Sorraia

Sorraia

História

Esta raça tradicional portuguesa descende de um grupo antigo de cavalos e está directamente emparentada com o Tarpan, raça já extinta. Possivelmente originaram na região ocidental da Península Ibérica. Podem-se examinar os sobreviventes restantes do que alguma vez foi uma extensa povoação numa área entre os rios Sor e Raia, que baptizam esta raça.

Tradicionalmente o Sorraia foi usado para pastar, lavrar, trabalhos mais ligeiros e passear. Eram cavalos muito bons para os fazendeiros e pastores da região.

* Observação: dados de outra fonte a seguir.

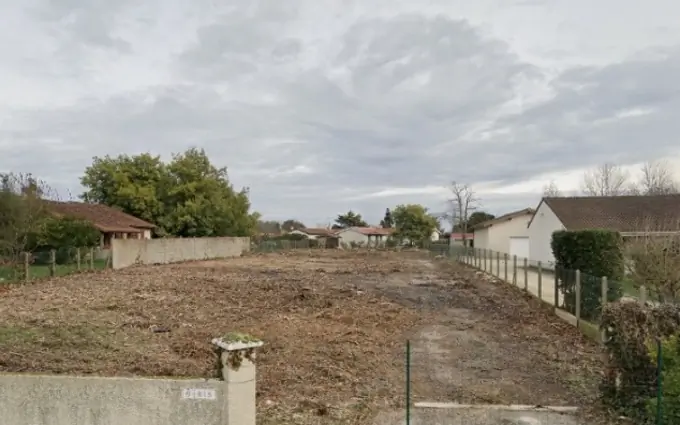 Terrain à partir de 586m² à Vayres à Vayres (33870)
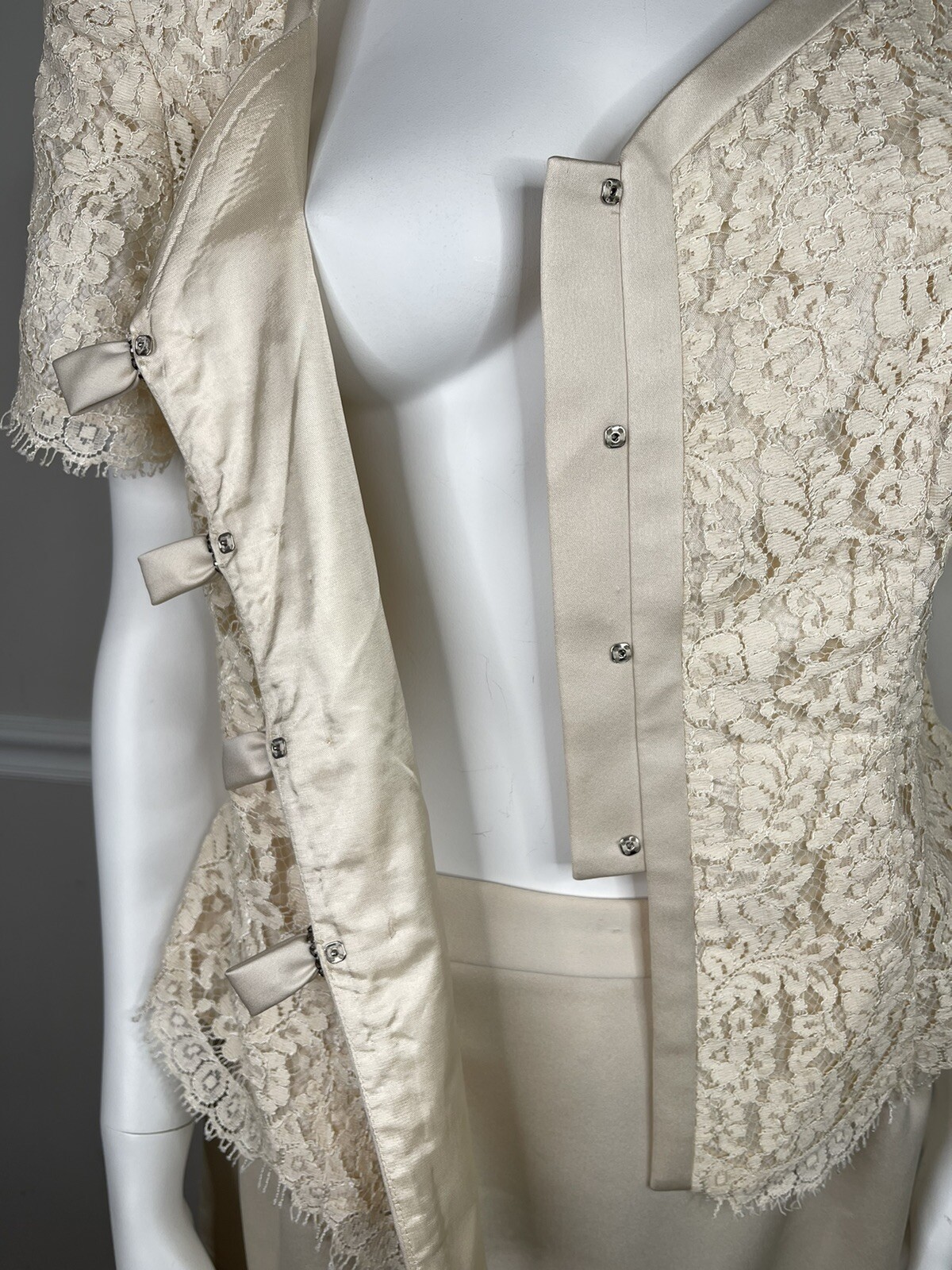 Vintage Cachet By Bari Protas Victorian Champagne skirt Top dress lace bows 12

Os Sorraia podem ter tido influência de outras raças contemporâneas ibéricas, taiscomo os cavalos espanhóis: o cavalo Andaluz, o Alter Real e até mesmo o cavalo Lusitano. O único vínculo genético realmente comprovado é o estabelecido com o cavalo Lusitano.

Assume-se que os conquistadores espanhóis levaram para as Américas alguns exemplares com origens na raça Sorraia, já que se pode encontrar provas do seu ADN mitocondrial num par de grupos equinos do Oeste dos Estados Unidos.

O feito mais notável na América é uma tentativa dos criadores para reviver a raça Sorraia através do Sorraia Mustang Studbook.

Na verdade foi Ruy d’Andrade, criador do Alter Real e do cavalo Lusitano quem redescobriu a raça nos anos 20, em que encontrou uma manada de 30 exemplares no estado de Sesmaria. D’Andrade não pôde capturar nenhum destes cavalos selvagens, mas reuniu uma colecção de cavalos entre os fazendeiros da área que tinham uma aparência notavelmente semelhante.

Os descendentes destes cavalos ainda são mantidos pela família D’Andrade em Portugal, que possuem uma pequena manada silvestre. Os exames de ADN  mitocondrial provaram que estes cavalos que estes têm uns genes muito distintos do resto das raças ibéricas, excepto por uma parte dos Lusitanos que parecem ter um vínculo materno com o Sorraia.

Actualmente questiona-se se todos os exemplares desta raça são 100% puros. A sua situação é muito semelhante ao cavalo de Przewalski da Mongólia, que também sofreu um pequeno grau de cruzamento genético antes de se tomarem medidas de conservação de emergência finalmente.

Características físicas

Algumas características que definem o aspecto físico dos Sorraia são por exemplo um corpo bastante sólido que pode medir até aos 146 cm, mais 3 cm do que no caso das fêmeas da família Sorraia.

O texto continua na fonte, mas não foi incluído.